En estos días, al leer un ensayo de Alain Finkielkraut sobre La mancha humana de Philip Roth, encontré esta cita en boca del personaje femenino, Faunia Farley: «Eso es lo que ocurre –dijo Faunia– cuando se ha sido educado por un hombre. Eso es lo que ocurre cuando ha estado uno rodeado de individuos como nosotros. Es la mácula del hombre. […] Dejamos una mácula, dejamos un rastro, dejamos nuestra huella. Impureza, crueldad, sevicia, error, excremento, simiente… No puede uno evitarlo cuando viene al mundo. […] La mácula está en cada uno de nosotros. Para siempre, inherente, constitutiva. […] Por eso lavar esa mácula no es más que una broma. Incluso una broma bárbara. El fantasma de la pureza es terrorífico. Demente. ¿Qué es la búsqueda de la purificación sino una impureza más?» En ti no hubo engaño, embustes, ni teatro. No hubo representación, ni trasfondos escondidos. Fuiste un venezolano que atravesó la Historia del siglo xx de su país, escribiendo la historia de su travesía personal. Viviste con honradez y plenitud. Gozaste y sufriste fracasos y triunfos, la huella de tus aciertos y tus desatinos.

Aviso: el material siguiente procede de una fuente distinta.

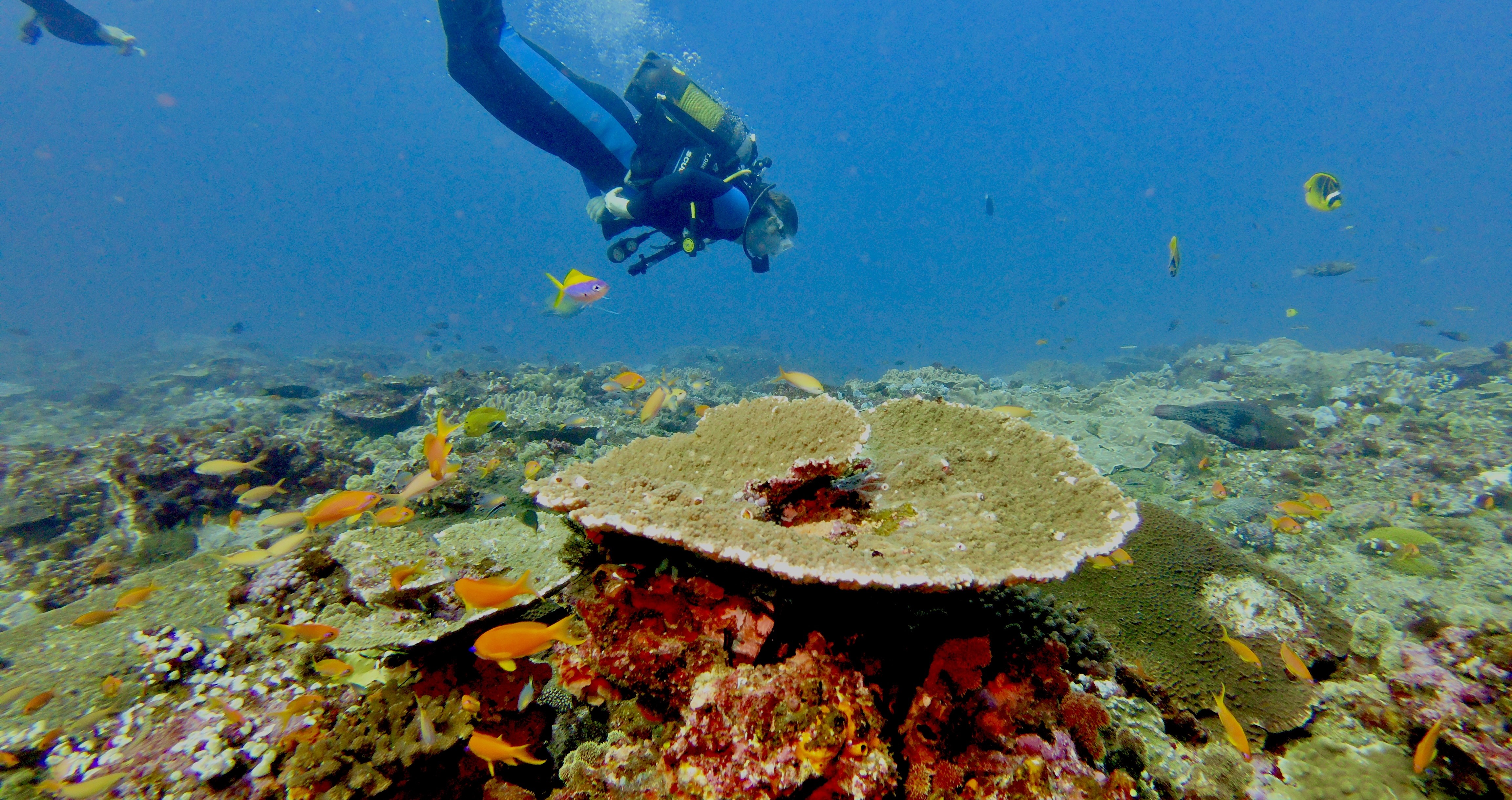 A scuba diver swims above a coral reef in Sodwana Bay, accompanied by a variety of fish in a vibrant underwater scene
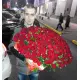 201 red roses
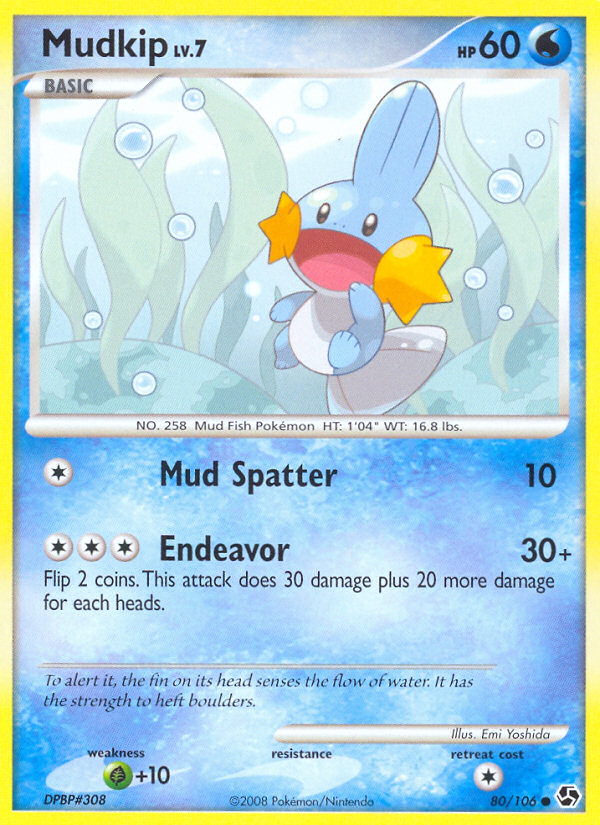 Mudkip 80/106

Tío, quisiera agradecerte lo mucho que quisiste y protegiste a tu hermana, y a mi hermana. De mí, sé que por momentos te preocupaba el no verme «enseñoreada». Descuida, me bandeo aún sin una mano de corazón inteligente como la tuya, que enderece mis líneas torcidas de mujer zurda, me sostenga en el vuelo, me aterrice. Lo intento, escribo. «Atrévete a inventar cada día de tu vida… y así hallarás la hora de crear en cada instante», copié de tu diario fechado 29 de mayo de 1993.

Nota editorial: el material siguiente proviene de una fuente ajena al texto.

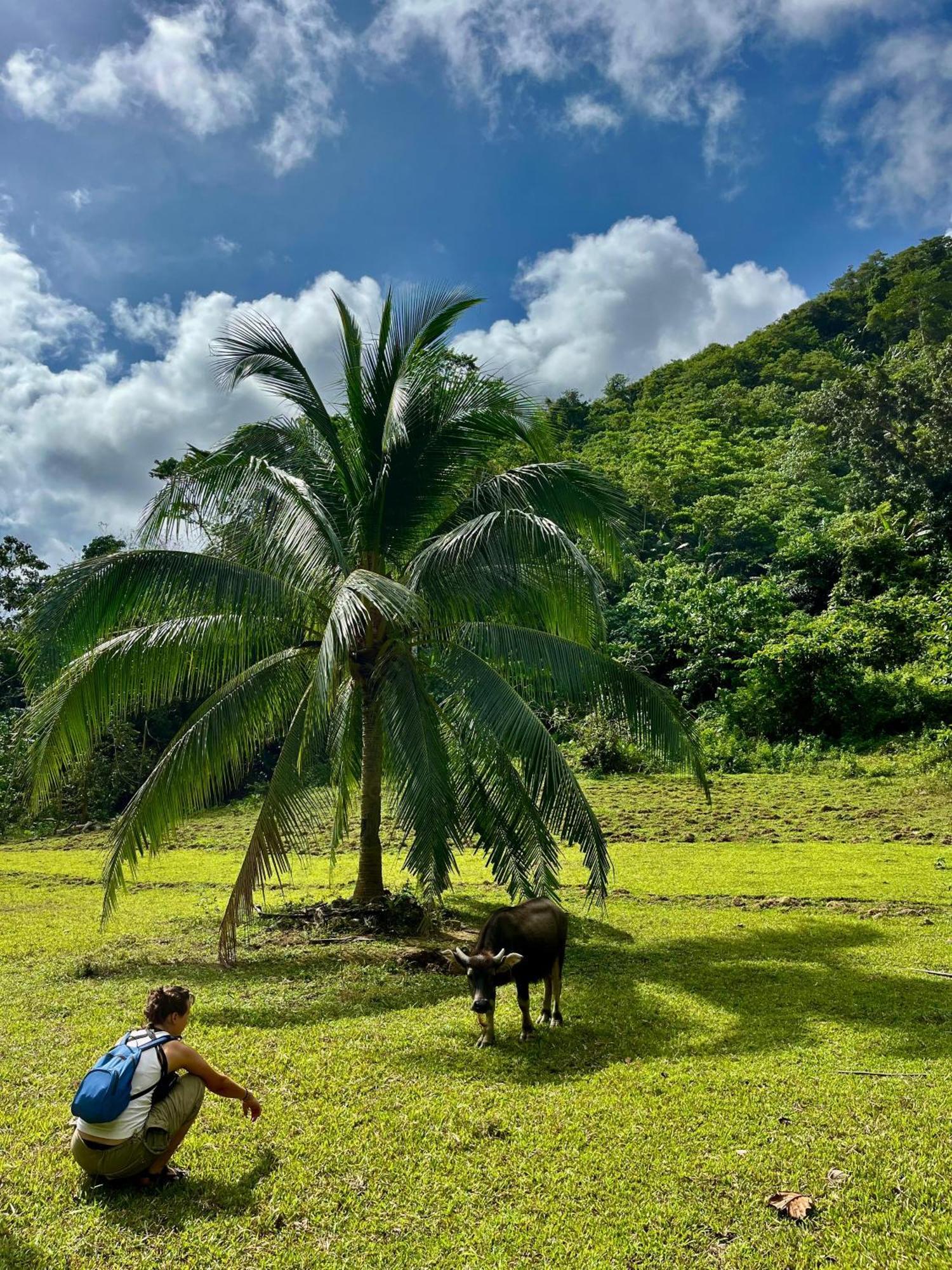 Efrena Agro Tourism Beach El Nido Kültér fotó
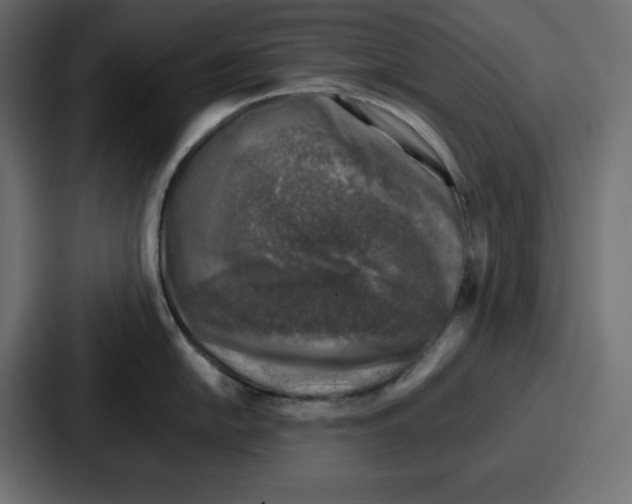 X0000087051054200705160947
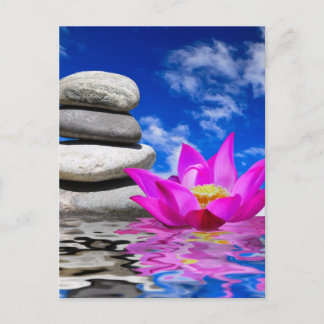 Therapy Rock Stones & Lotus Flower Postcard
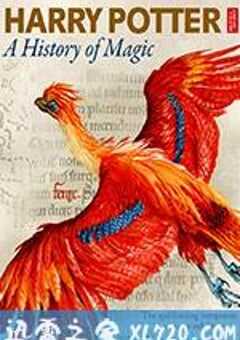 哈利·波特：一段魔法史 Harry Potter: A History of Magic (2017) 4K网盘迅雷下载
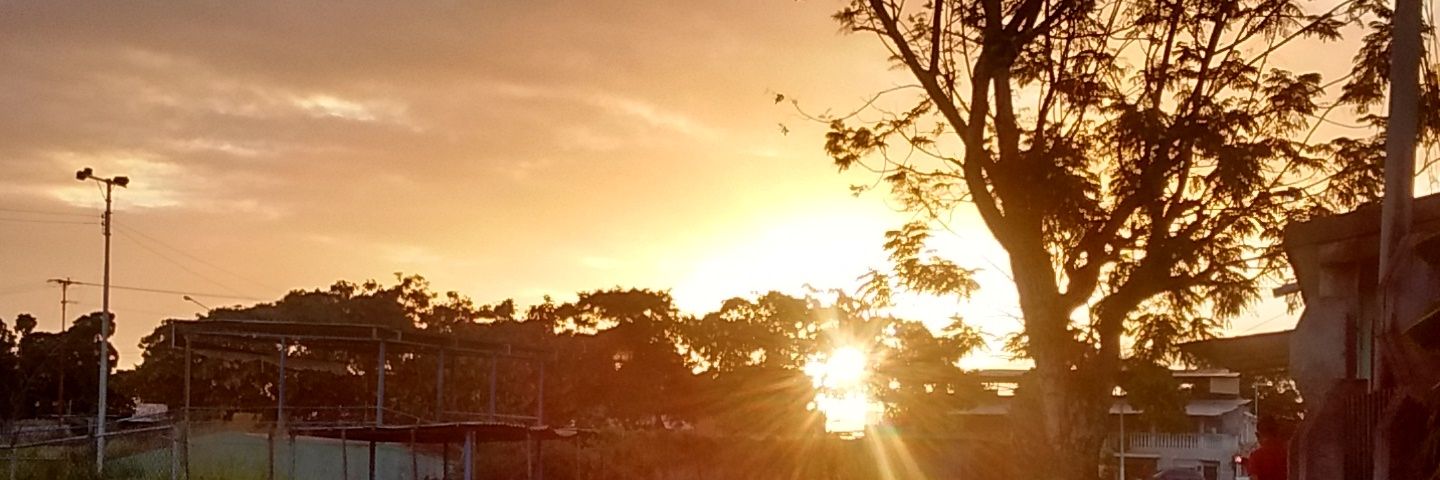 Daniel_samn's profile banner image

Estas pocas palabras mías de hoy, son formas que pretenden mostrar el fondo, hacer visible el amor invisible, rendir homenaje a un humanista de alma, hombre en sus logros y sus errores, pensador libre, y jardinero de oficio. Junto a ellas, te develo mi verdadera intención, ofrecerte mi exaltación a ella, a Lucía. Quizá, y con razón, pensarás que soy torpe al escribir, me quedo corta en alabanzas, no la retrato con exactitud, porque así suele suceder al hablar de una mujer recatada, sin aspavientos, de minucioso quehacer de trastienda, sus atributos no se ven a simple vista. Solo ella los conoce, los despliega en privado y la reconfortan en su interior. Son los hombres públicos los que reciben más espacio en la tarima, más aplausos y abucheos. Pero, me pregunto, ¿acaso no es la ubiquidad característica de lo invisible? Arropa, calla, como el aire, el soplo que nos mantiene vivos. Ella mantuvo una noción de centro en tu vida. Fue contención y mesura. Paciente, arrancó de tu esplendoroso jardín la mala hierba de los pesares que te hicieron sufrir silente. Y, cuando habías dejado tu impronta y ya los otros no notaban tu presencia; cuando dejaste de ser sol de mediodía y la luz comenzó a ponerse tras los árboles sembrados, los innumerables folios y tu traviesa folía, te acompañó en el ocaso. ¡Esa hora tan hermosa!, que enloquece al más cuerdo, anticipa el anhelado silencio de la noche, asoma el susto de las tinieblas, pero también promete la luz de un sueño, más verdadero. Ella fue la mujer que amaste y te amará hasta el día en que exhale su último suspiro.